Il vivait dans une maisonnette. Je fus frappé par ses mains, elles étaient toutes difformes. Il était faible, ne marchait qu’avec difficulté et avait besoin d’aide pour toutes les choses ordinaires qu’une personne peut faire.

Après les présentations d’usage, il me parla de toute ma famille qu’il connaissait bien. Ensuite, il me raconta son histoire, principalement comment il avait attrapé la lèpre.

Un jour, un Africain lui a vendu une paire de chaussures usagées. Il l’a achetée afin d’aider cet homme qui semblait avoir un grand besoin d’argent. Or il a été découvert plus tard que cet homme souffrait de la lèpre.

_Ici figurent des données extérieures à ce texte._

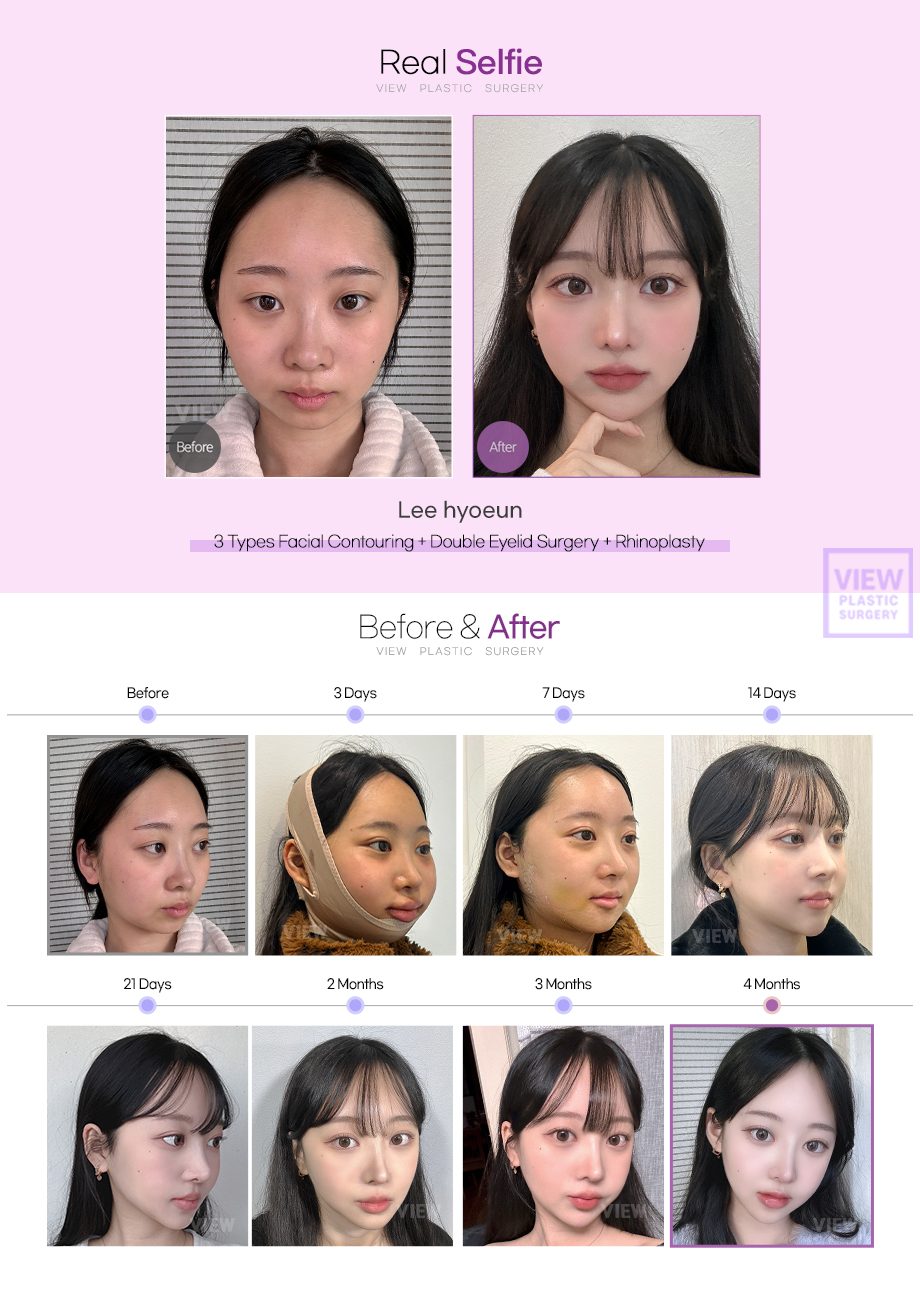 [3 Types Facial Contouring+Double Eyeild Surgery+Rhinoplasty]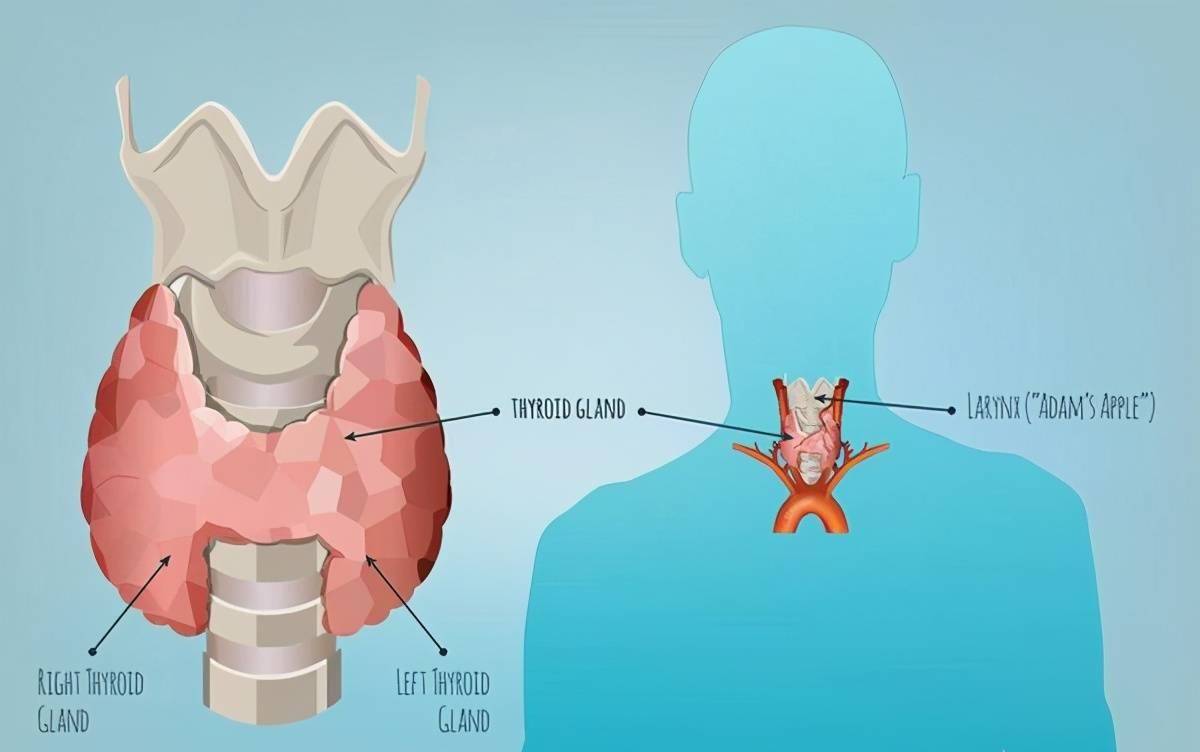 脖子變粗多發性的甲狀腺結節還有哪些表現如何預防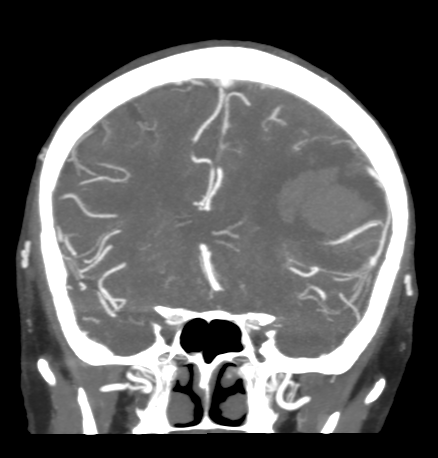 Cerebral arteriovenous malformation with lobar hemorrhage (Radiopaedia 44725-48511 B 21).png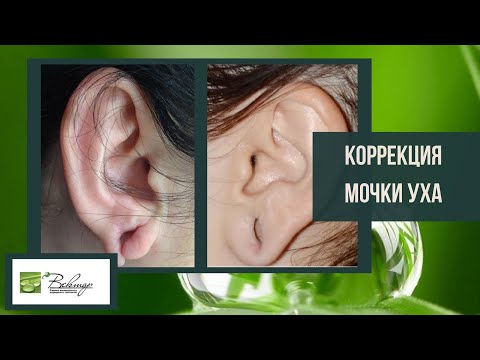 Видео: КОРРЕКЦИЯ МОЧКИ УХА - все о процедуре от хирурга. Ревин Артем Андреевич.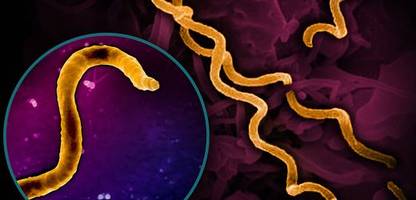 syphilis-erreger in kolumbien: forschende rekonstruieren genom aus 5500 jahre alten knochen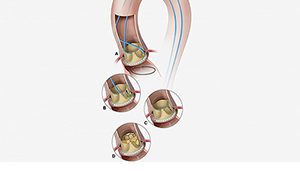 NIH BASILICA TAVR NHLBI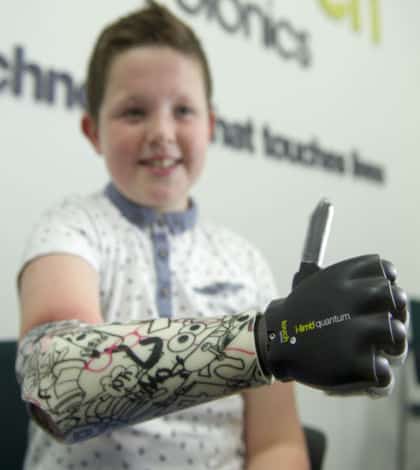 Youngest Person To Be Fitted With A Bionic Hand Kiwi Kids News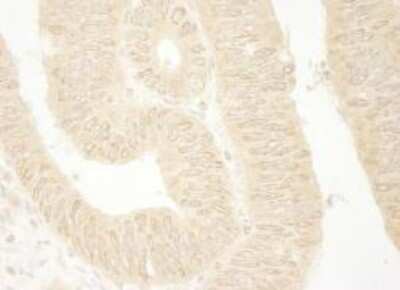 Immunohistochemistry-Paraffin: ARHGEF16 Antibody [NBP1-06499]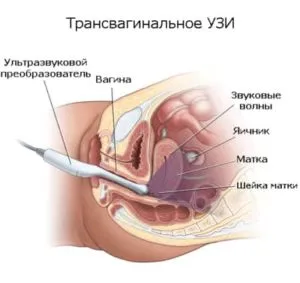 твузи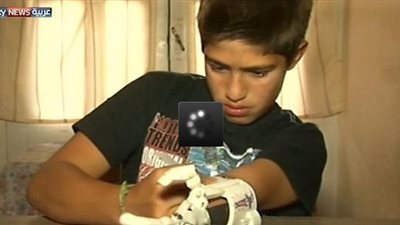 بالفيديو.. يد تعويضية بتقنية الطباعة ثلاثية الأبعاد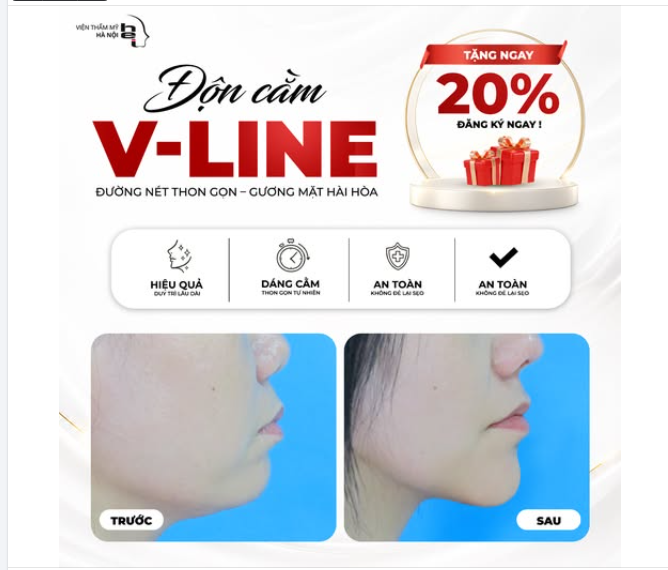 GÓC NGHIÊNG "MẤT TÍCH" CHỈ VÌ CẰM LẸM – GIẢI CỨU DIỆN MẠO CHỈ SAU 30 PHÚT!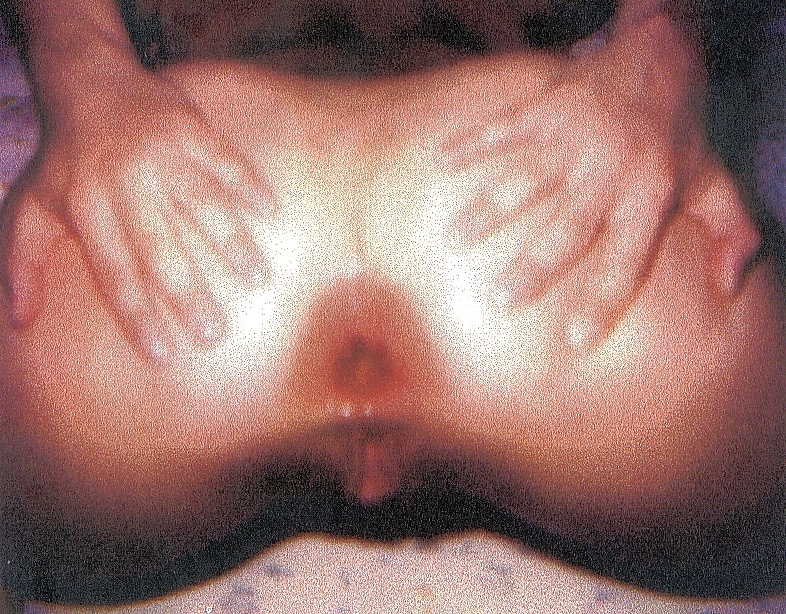 肛門の写真は、xでクローズアップ
 #208994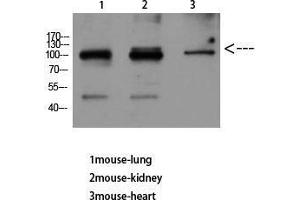 Western Blot (WB) analysis of Mouse Lung Mouse Kidney Mouse Heart using VE-Cadherin Polyclonal Antibody diluted at 1:500. (Cadherin 5 Antikörper  (Internal Region))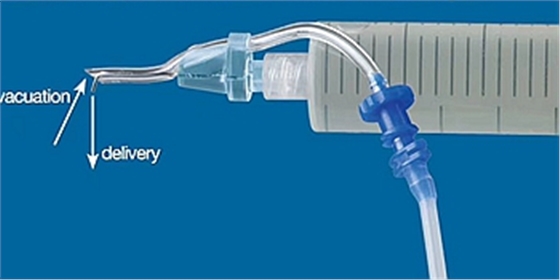 廣州蕙帆根管負壓系統(tǒng)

Le bon père a commencé à ne pas se sentir bien. Il a consulté les docteurs et on l’a traité, sans résultat probant, pour toute une série de problèmes de santé. Les blancs n’attrapent pas la lèpre en Zambie, tout le monde sait ça. Après quelques années, on a été obligé de se rendre à l’évidence et on envoya le père Germain à la léproserie de Liteta.

Aujourd’hui, la lèpre se soigne et on peut l’arrêter quand on la traite tôt. Cependant, il n’y a pas moyen de réparer les dommages déjà faits. Les cellules nerveuses, celles réellement atteintes par la lèpre, ne se régénèrent pas.

Je cite en substance ce qu’il m’a dit : « Tu sais, les Africains croyaient que seuls les gens de leur race pouvaient souffrir de la lèpre. Ils associaient ce mauvais sort au fait qu’ils se croyaient descendants de Cham, le fils de Noé qui s’est moqué de son père. Même si on leur dit que ce n’est pas vrai, ils le croient malgré tout. En voyant un blanc – et un missionnaire en plus –, souffrir de cette maladie, ils vont réaliser qu’il n’y a aucun mauvais sort divin jeté sur eux. C’est donc en étant lépreux que je contribue à l’évangélisation des Africains. »

Le père Germain est revenu au Canada pour quelques jours. Il a fait un long stage en Louisiane dans une léproserie. Il est enfin revenu et a continué son apostolat en donnant des retraites au pays. Sa prédication débutait toujours par cette histoire écrite en italique un peu plus haut. Ses mains déformées étaient comme l’icône de son histoire.

Partout où il a été, Germain s’est comporté en missionnaire. Lépreux, comme en santé pendant ses premières années de mission en Afrique, il a encouragé et accompagné bien des gens. Quand j’ai appris sa mort qui est survenue en janvier 2004, j’ai réalisé que je venais de perdre un mentor qui m’avait encouragé chaque fois que je l’avais visité et même chaque fois que j’avais pensé à lui.